Data in this exercise —
[Start of section]
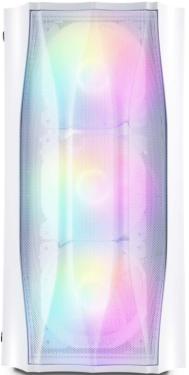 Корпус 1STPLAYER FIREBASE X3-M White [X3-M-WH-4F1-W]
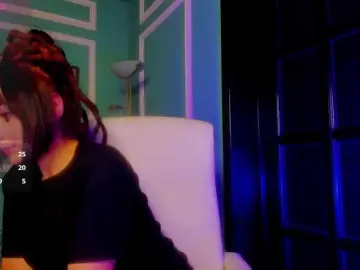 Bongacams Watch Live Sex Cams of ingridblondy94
[End of section]
[Start of section]
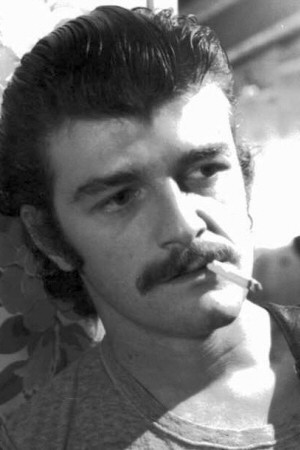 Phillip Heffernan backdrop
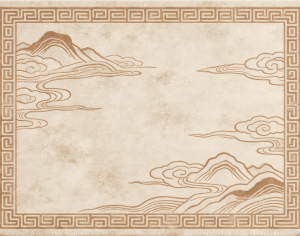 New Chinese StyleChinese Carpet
[End of section]
[Start of section]
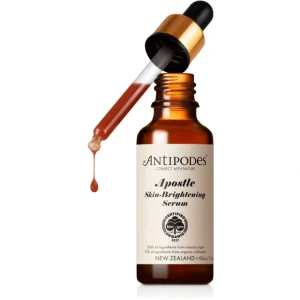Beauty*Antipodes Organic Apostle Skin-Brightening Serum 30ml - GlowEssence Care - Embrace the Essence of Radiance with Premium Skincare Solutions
[End of section]
Instructions for the task —
Leave out every picture, and copy exactly the lines above starting at the one holding "Корпус 1STPLAYER FIREBASE" and ending at the one holding "Bongacams Watch Live", no more and no less.

Output of the task —
 Корпус 1STPLAYER FIREBASE X3-M White [X3-M-WH-4F1-W]
 Bongacams Watch Live Sex Cams of ingridblondy94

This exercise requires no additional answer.